It’s a whole year since I was congratulating myself on a whole year’s worth of weekly blog posts

2 candles on a calendarSo, what’s the same and what’s changed in the last year? To begin with, an update on the items I mentioned a year ago

Microsoft Security Essentials

I had recently introduced MSE as the antivirus program on my main computer. It’s behaved perfectly in the year since then. No viruses, no dramas, no complaints. It’s free, unobtrusive, and has a reasonable reputation for doing its job properly. I can’t imagine why I would want Norton, McAfee, Kaspersky or any of the other paid-for, bloated, antivirus programs.

AVG Free Antivirus

I said a year ago that I’d stopped recommending this as their marketing tactics (in leading users of the free product to upgrade to the paid product) had become too aggressive. They must have been listening to complaints such as mine as one client asked me this year to backtrack their system from the accidental installation of the paid version, and AVG offered to reinstate the free version that the client had previously been using. This is an improvement. Apart from the their marketing tactics, my experience of AVG Free antivirus had always been positive.

Zen Internet

Zen keep on winning awards for the best ISP. If price is the most important aspect of your broadband provision then I recommend investigating PlusNet as their support is also based in the UK. If you just want the best service and think it’s worth paying to make sure you get it, then I would continue to recommend Zen. In all the support calls I’ve made to ISPs on behalf of clients in the last 12 months I’ve seen nothing to suggest that the likes of BT, Talk Talk, AOL, Virgin, have done anything at all to improve the service they provide when something goes wrong with their broadband service.

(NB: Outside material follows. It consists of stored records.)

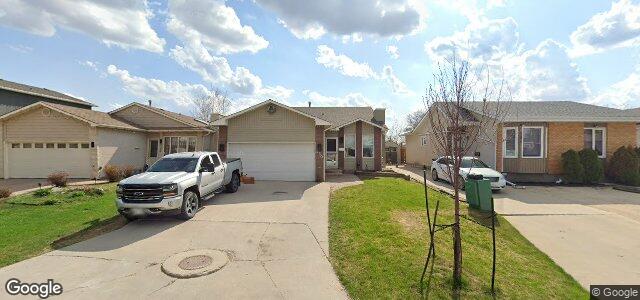 230 Penfold Crescent（加拿大曼尼托巴省温尼伯市）房屋照片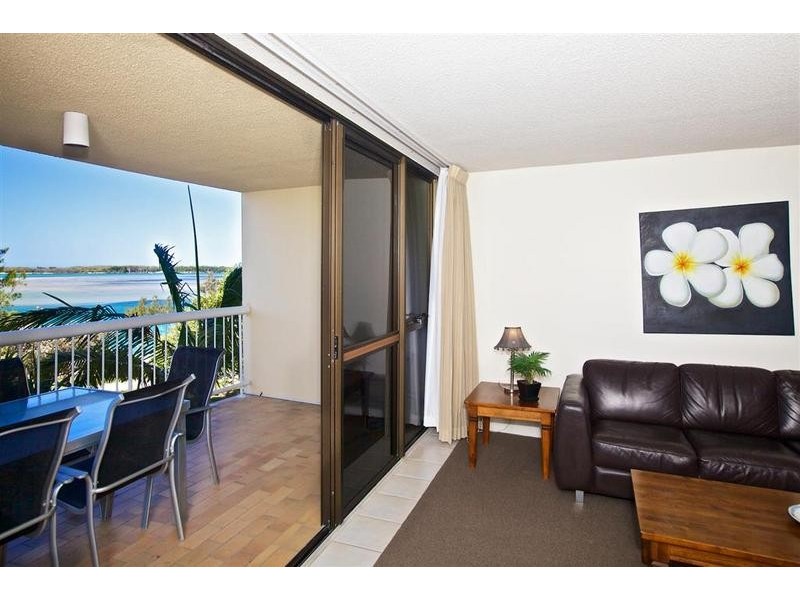 18/ 49 Landsborough Parade, Golden Beach QLD 4551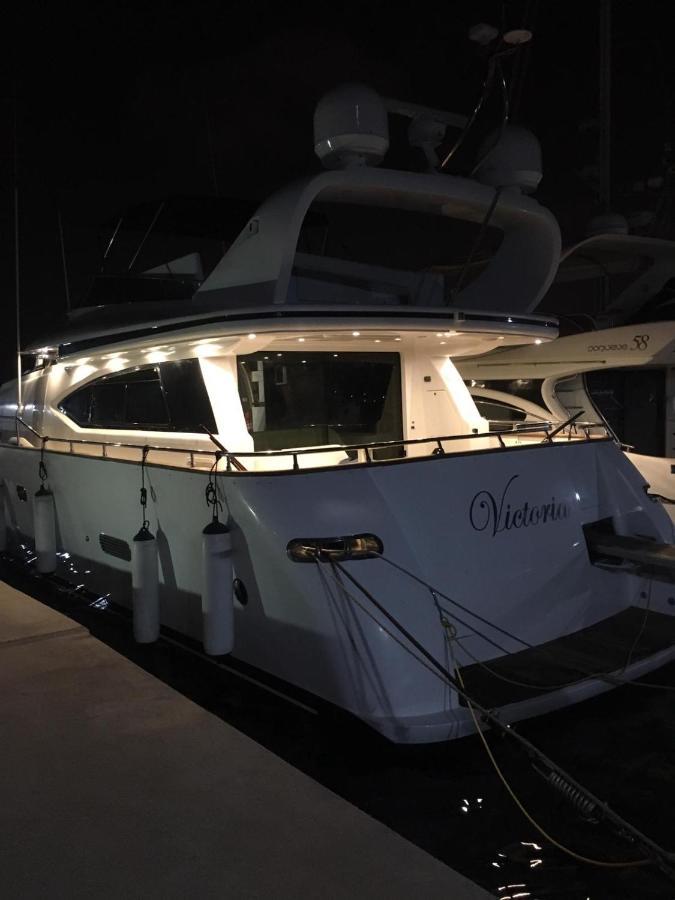 圣阿德里安-德贝索斯 Yacht 20Metros酒店 外观 照片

What else has changed in the last year?

Dropbox

Dropbox logoDropbox is a cloud-based storage system that allows you to synchronise content between your different computers, access your content from other computers, and share folders (and their contents) with other people. It’s gained a really strong foothold over the last year or two and there are “apps” for other devices (such as iPhones and Android devices) that give you access to the contents of your Dropbox folders on those devices. Plenty of other apps are now also allowing you to share their data between your different computers/devices by using Dropbox. Dropbox doesn’t give you the most free space of the cloud-based storage systems. If you need lots of free space, look at Google Drive or Box or Microsoft’s SkyDrive. It does seem, though, that Dropbox is the most prevalent of the cloud storage services. If the initial 2gb of free space is not enough, you can either pay for more space or “earn” more space by recommending new users and/or jumping through other hoops that Dropbox offer you. Click here to get your free Dropbox account (and you’ll earn both yourself and me more free space if you use this link!)

Windows 8

Windows 8 LogoWindows 8 has just been released. It’s too soon to say how it’s being received but the predictions were that it might just not succeed in combining the requirements of touchscreen devices (such as tablets) with the requirements of a “proper”, keyboard and mouse, system. From what I’ve seen of it so far I think it might be OK.

I was thinking that it might be time to install it on my main machine, so I ran Microsoft’s Upgrade Assistant to see if any problems were anticipated. I was quite surprised to find that Windows 8 claims not to be compatible with Microsoft’s Access 2007 (although other modules in the 2007 version of Office appear to be ok). Life starts to get a bit complicated at this point as Office 2013 is expected to be released in the first quarter of 2013. So would people in my position upgrade to Access 2010 now or wait for Access 2013?

If it wasn’t for the fact that I need to get a grip on Windows 8 in order to help out my computer support clients then I’d let sleeping dogs lie for the time being. Another reason for waiting a while is that iTunes for Windows is not currently compatible with Windows 8. I think that most of my clients would only need to think about Windows 8 if they are going to buy a new machine. At the moment, if you buy a new Windows 7 machine you can upgrade to Windows 8 later for just £15, and maybe that would be the simplest decision to take for now. However, if you are thinking of buying a new Windows 8 machine then I would definitely run the upgrade assistant on your present setup to see if any other software will need to be upgraded or replaced.